The Applicant pay the costs of the First Respondent fixed in the sum of $5800.
| FEDERAL CIRCUIT COURT OF AUSTRALIA AT MELBOURNE |
MLG 664 of 2016
| AVTAR SINGH |
Applicant
And
| MINISTER FOR IMMIGRATION & BORDER PROTECTION |
First Respondent
| ADMINISTRATIVE APPEALS TRIBUNAL |
Second Respondent
REASONS FOR JUDGMENT
(Edited Ex Tempore Reasons)
Before the Court is an application for judicial review of a decision of the Administrative Appeals Tribunal (‘the Tribunal’) made on 8 March 2016 by which the Tribunal affirmed a decision of a delegate of the First Respondent (‘the delegate’) not to grant to the Applicant a Skilled (Residence) (Class VB) visa (‘the visa’).
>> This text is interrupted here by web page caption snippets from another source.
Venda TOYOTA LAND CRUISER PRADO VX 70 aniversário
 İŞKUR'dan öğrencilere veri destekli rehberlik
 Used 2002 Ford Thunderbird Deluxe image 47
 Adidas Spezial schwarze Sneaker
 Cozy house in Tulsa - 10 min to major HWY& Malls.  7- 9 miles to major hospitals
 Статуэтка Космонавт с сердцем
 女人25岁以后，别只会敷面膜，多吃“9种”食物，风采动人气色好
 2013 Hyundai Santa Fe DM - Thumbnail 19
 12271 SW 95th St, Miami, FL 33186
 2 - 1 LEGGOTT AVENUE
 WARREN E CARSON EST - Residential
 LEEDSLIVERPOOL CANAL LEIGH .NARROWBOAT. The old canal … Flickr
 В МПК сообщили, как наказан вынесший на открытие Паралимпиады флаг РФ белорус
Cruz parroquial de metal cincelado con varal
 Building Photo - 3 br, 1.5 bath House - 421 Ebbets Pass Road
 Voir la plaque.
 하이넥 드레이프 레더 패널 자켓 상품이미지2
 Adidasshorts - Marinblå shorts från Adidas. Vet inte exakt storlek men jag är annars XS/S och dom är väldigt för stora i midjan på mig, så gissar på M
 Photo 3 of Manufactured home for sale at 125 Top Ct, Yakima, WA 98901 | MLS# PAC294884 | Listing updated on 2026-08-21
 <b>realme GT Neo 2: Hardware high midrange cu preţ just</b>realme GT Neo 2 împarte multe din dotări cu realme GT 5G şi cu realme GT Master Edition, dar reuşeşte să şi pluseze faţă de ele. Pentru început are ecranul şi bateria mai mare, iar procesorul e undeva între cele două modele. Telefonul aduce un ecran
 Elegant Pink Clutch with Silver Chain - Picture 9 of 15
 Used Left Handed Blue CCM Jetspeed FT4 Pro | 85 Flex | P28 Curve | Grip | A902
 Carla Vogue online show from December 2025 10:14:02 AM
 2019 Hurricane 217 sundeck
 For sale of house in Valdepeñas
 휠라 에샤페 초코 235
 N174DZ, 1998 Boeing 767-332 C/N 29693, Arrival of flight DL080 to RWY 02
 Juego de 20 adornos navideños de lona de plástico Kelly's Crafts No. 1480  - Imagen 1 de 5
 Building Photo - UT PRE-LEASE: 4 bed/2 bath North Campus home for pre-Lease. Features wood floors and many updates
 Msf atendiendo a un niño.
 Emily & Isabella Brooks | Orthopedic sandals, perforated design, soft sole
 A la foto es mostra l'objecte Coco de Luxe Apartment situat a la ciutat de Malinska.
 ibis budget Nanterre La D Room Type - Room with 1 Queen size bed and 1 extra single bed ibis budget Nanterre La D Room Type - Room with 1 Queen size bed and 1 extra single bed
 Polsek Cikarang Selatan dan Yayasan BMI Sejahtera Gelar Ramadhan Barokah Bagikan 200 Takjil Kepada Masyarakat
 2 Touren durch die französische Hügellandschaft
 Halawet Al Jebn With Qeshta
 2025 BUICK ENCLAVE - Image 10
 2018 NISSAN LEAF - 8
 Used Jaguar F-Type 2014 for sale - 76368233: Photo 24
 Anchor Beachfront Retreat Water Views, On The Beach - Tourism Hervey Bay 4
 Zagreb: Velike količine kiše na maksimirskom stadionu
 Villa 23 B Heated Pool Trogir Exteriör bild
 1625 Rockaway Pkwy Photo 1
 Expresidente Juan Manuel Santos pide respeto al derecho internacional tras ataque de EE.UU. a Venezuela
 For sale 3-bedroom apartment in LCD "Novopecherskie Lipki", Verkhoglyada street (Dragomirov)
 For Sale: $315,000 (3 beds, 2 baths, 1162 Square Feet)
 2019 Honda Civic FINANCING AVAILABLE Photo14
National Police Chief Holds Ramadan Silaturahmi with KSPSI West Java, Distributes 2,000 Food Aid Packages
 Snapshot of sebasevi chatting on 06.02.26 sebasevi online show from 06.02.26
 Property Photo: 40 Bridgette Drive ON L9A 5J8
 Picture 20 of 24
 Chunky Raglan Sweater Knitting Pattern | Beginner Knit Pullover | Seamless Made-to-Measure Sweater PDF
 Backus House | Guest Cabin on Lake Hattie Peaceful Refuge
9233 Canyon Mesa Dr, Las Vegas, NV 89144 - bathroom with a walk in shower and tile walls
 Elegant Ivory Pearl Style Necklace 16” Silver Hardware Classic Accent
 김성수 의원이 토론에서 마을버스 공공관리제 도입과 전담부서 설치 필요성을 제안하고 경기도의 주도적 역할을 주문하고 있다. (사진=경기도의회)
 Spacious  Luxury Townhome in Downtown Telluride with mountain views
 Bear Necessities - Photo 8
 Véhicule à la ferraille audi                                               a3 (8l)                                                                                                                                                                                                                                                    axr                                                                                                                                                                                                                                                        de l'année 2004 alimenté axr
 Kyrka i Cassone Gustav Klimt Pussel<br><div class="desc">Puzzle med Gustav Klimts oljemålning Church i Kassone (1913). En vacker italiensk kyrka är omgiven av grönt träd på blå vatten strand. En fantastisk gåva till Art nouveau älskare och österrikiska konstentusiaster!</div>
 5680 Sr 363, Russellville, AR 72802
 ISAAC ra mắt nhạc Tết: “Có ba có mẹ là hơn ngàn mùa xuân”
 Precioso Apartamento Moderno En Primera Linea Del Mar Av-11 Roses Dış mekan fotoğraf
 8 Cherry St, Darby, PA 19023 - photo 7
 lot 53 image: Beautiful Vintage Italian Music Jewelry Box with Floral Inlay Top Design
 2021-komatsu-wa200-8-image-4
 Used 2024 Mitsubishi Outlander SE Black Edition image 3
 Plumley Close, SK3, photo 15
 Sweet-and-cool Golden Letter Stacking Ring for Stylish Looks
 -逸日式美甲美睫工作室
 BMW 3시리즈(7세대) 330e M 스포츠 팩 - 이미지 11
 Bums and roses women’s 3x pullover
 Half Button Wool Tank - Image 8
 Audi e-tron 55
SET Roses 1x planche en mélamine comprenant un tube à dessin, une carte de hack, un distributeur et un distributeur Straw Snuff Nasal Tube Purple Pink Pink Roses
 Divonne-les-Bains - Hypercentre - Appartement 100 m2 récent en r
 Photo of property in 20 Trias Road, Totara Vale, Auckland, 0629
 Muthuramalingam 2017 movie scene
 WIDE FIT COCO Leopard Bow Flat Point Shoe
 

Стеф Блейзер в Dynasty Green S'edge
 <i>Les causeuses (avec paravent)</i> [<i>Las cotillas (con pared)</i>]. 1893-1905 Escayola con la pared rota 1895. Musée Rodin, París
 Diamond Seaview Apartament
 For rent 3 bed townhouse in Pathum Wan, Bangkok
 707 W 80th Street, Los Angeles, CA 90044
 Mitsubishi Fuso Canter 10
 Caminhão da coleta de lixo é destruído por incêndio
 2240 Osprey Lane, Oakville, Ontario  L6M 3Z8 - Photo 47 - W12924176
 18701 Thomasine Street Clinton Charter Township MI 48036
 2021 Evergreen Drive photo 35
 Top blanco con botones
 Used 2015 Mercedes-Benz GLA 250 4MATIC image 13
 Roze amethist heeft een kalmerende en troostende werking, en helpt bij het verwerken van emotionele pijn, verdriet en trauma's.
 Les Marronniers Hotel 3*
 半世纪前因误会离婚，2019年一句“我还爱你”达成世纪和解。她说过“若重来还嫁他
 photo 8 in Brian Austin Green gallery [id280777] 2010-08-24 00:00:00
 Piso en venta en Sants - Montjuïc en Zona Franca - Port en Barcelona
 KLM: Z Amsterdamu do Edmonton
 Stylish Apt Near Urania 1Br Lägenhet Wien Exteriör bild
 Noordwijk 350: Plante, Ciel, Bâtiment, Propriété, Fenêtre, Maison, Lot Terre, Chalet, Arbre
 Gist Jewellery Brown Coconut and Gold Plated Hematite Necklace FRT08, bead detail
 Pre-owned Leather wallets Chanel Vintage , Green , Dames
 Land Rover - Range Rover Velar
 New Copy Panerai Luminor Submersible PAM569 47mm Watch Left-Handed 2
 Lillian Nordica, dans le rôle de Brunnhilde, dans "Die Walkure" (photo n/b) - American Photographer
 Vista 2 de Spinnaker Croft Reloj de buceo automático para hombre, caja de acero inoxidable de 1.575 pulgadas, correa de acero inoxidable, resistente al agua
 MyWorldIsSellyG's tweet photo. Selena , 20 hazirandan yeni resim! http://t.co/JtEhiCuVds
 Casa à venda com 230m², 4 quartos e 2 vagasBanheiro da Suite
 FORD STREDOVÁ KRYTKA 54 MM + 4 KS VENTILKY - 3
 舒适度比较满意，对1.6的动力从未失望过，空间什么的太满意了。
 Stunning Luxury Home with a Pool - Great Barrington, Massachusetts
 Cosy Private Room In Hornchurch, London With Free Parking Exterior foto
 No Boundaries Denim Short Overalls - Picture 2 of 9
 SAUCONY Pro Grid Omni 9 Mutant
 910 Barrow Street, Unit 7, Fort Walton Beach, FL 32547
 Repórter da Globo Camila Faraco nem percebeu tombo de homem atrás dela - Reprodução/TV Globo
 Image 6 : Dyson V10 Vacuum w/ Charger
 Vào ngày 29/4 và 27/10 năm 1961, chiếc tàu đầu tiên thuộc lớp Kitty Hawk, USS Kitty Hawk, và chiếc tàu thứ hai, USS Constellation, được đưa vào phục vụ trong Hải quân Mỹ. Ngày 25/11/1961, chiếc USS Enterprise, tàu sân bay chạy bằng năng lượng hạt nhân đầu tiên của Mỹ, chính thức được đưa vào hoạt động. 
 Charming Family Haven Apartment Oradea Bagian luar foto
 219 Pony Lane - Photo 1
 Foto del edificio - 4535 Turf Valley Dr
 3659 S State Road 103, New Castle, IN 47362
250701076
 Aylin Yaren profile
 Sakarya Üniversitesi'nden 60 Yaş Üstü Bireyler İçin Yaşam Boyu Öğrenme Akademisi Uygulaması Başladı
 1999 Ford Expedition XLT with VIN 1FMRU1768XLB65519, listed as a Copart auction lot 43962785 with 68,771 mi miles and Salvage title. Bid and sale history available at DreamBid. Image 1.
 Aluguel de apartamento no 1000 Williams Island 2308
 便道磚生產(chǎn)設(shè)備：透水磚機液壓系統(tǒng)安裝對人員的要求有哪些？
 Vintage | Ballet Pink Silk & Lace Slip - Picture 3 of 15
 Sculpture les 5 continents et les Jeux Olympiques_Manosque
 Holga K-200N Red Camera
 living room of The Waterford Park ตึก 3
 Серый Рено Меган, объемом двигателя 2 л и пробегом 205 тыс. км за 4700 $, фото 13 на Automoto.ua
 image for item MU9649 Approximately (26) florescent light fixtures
The grounds of application, in general terms, simply recite the procedural history of the Applicant from the time of his arrival in Australia in July 2007 on a student visa. They are not grounds of judicial review. The only possible ground is ground 5 which is as follows:-
“I wish to apply in Federal Court on the grounds that department did not paid heed towards my email and gave the decision without providing any future extension.”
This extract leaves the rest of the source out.